XVII

El mundo no es diferente a una piedra preciosa, no hay nada que no sea precioso, único, centelleo donde lo invisible y lo visible intercambian sus papeles, cambian a cada instante según la posición y la dirección de la mirada del observador atento. En el examen de gemas, en las aguamarinas, aparecen líneas fantasma, líneas que son visibles un momento y desaparecen al momento siguiente, como si nunca hubieran existido, juego de la presencia y la ausencia. En el zircón, debido al calor, las grietas de tensión irradian desde el cristal y emiten radiaciones, volcán en miniatura. Lo invisible no es otra cosa que lo visible, es la PLENITUD de la cosa misma, inabarcable, dosificada en el tiempo, la RELACIÓN completa, el punto de reposo y dispersión de todo lo visible, el punto de entrecruzamiento, despojamiento, la línea de fractura que sostiene, recorre y divide el mundo al infinito.

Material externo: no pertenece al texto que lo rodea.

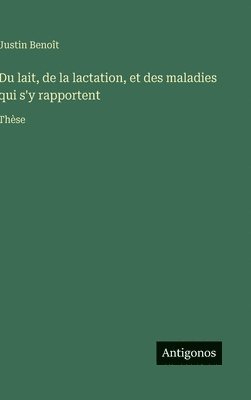 bokomslag Du lait, de la lactation, et des maladies qui s'y rapportent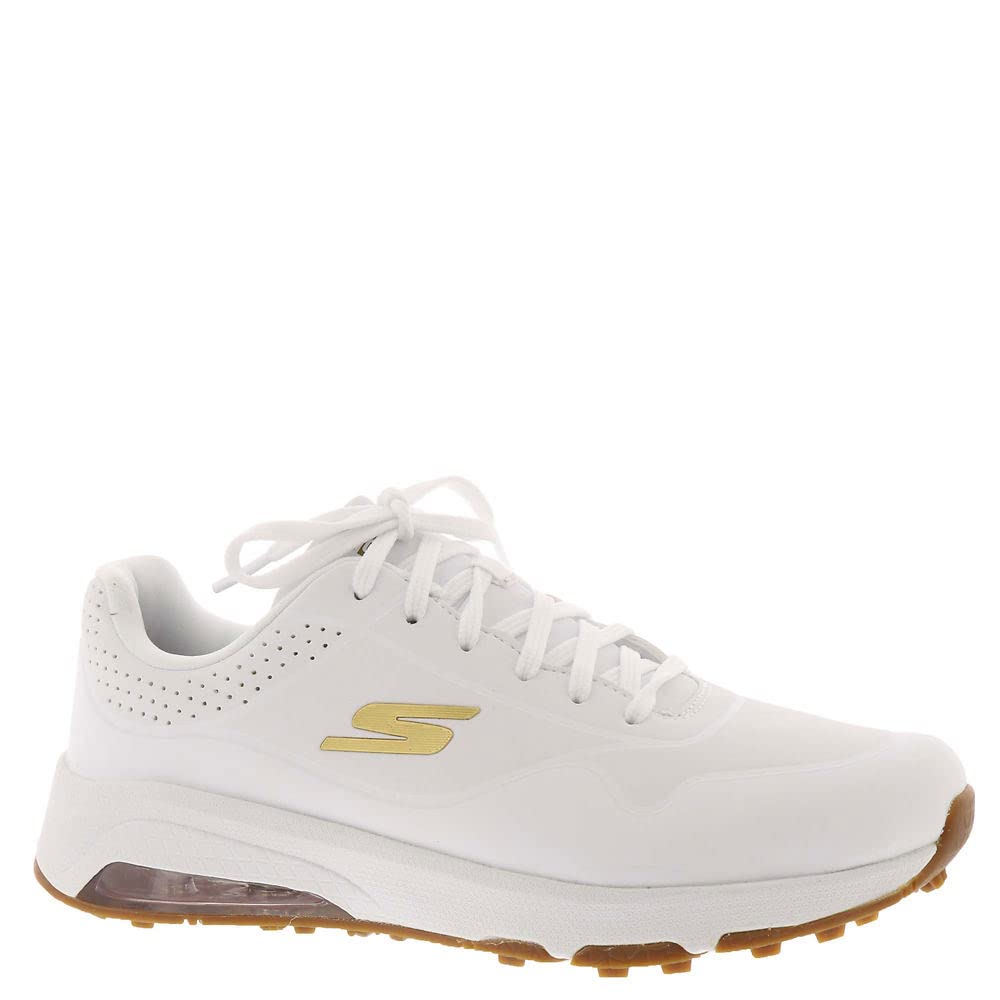 Skechers womens Skech-air Dos Relaxed Fit Spikeless Golf Shoe, White, 9 US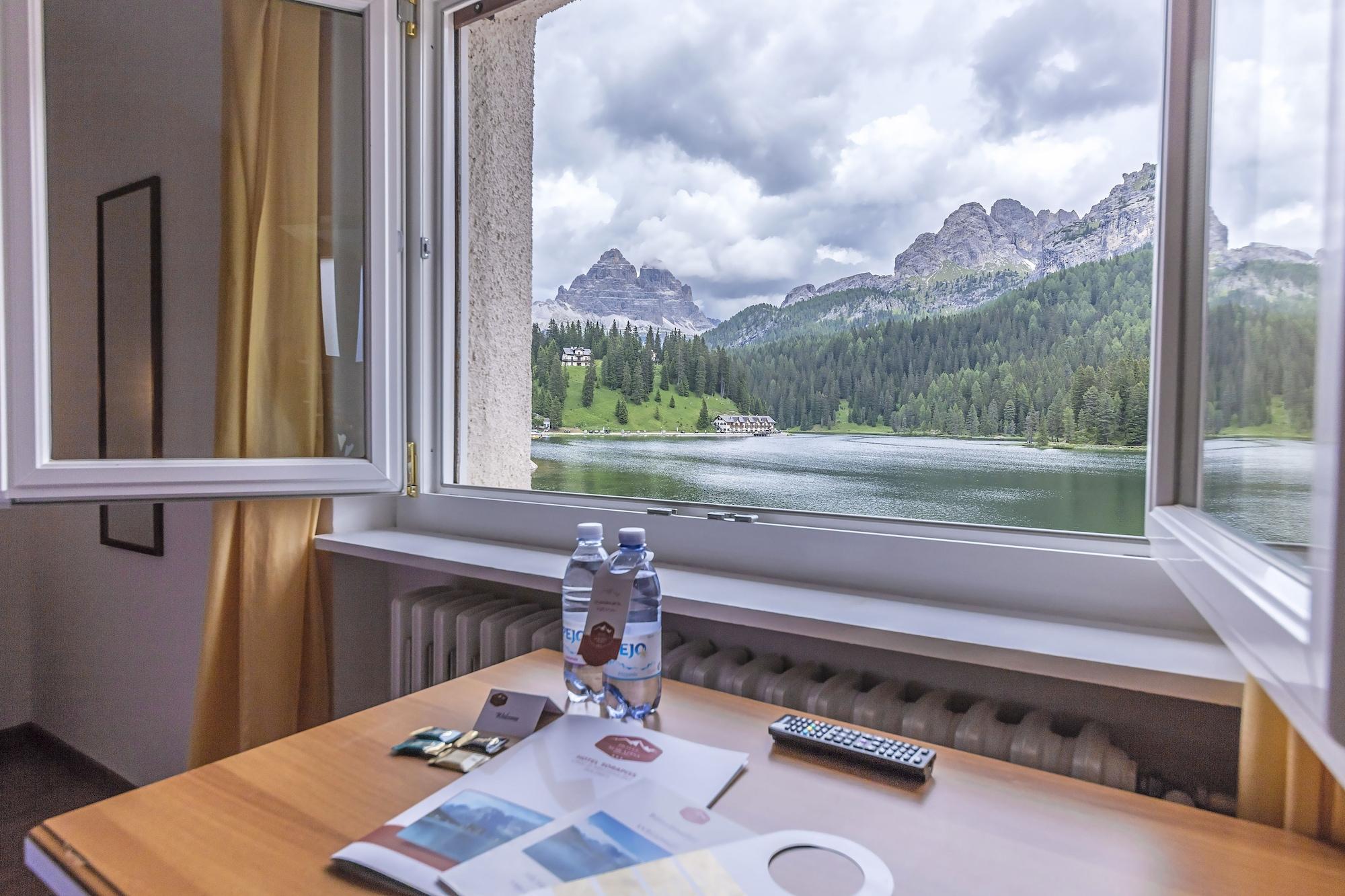 Hotel Sorapiss Misurina Bagian luar foto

La cosa desnuda se aquieta, se vivifica, en un afuera fantasma que intuye sin poder ser, sin poder nunca acabar de ser, siempre diferente a si misma y diferente de una diferencia esquiva. Persigue el sueño de su propia existencia, la pesadilla recurrente, hasta el final, hasta no poder más, imagen ígnea que lleva a los límites de los real.

XVI

Está comiendo frente a la mesa. Mastica la comida de forma casi automática, con rapidez. Nada reclama su atención; el tiempo transcurre con monotonía. Hasta que observa una sombra móvil, oscilando con un ligero vaivén, casi rítmico, en el seno de una luz que destella, relampaguea en un armario blanco. No la había visto nunca. Quizá es la sombra de una rama agitada por el viento, una hoja, la ropa tendida al sol. Cuando, por mera curiosidad, se gira e intenta interceptarla con la mano, la sombra desaparece como un fantasma. Un instante después, se olvida de ella; vuelve a adoptar la misma postura y sigue comiendo. Como por arte de magia, la sombra vuelve a aparecer, con los mismos movimientos en parte gráciles y en parte pesados. Ahora lo tiene claro. La sombra no es otra cosa, no viene del exterior, es él mismo; está viendo la imagen en negativo de sus mandíbulas al masticar. Está viendo SU imagen, asiste a la contemplación de aquello que no puede ver, la apariencia propia, gracias a la acción de la luz que penetra en el interior. Ha sido necesario un elemento exterior, la intervención del afuera, para romper la sucesión monótona del tiempo, quebrar el espacio, y poder VER ALGO, poder verse por primera vez. Así pues, existe, y el mundo existe, y existe porque el mundo existe. Vuelta al origen, reconstruye la escena original hilvanada por el azar. Ha sido así. La luz entra por el quicio de la puerta, a la altura de una de las bisagras; se proyecta en diagonal en la habitación e incide en el armario blanca. Su cara está justo colocada en el punto, en el ángulo exacto, para que, a modo de cuerpo oscuro, su interposición proyecte la sombra de los movimientos de la boca al comer. La luz revela el cuerpo, pone de manifiesto la existencia. Es una revelación. El mundo toma una fotografía de un momento banal de su existencia, banalidad que está superpuesta a una interferencia única y singular, a una contingencia imposible de prever. Es el testimonio privilegiado de un mundo que tiene sus propios planes, sus propias urgencias, que no nos necesita para nada, excepto quizá para revelarse a sí mismo. Somos los invitados temporales, los testigos de excepción, los observadores de un mundo sin límites, que perseguimos nuestra propia sombra. Sin éxito la mayoría de las veces. La regla general, de la generalidad impuesta, es no ver nunca dónde estamos, la situación real en la que uno se encuentra, obviar lo inabarcable. El mundo, ser mundano, es una experiencia rara.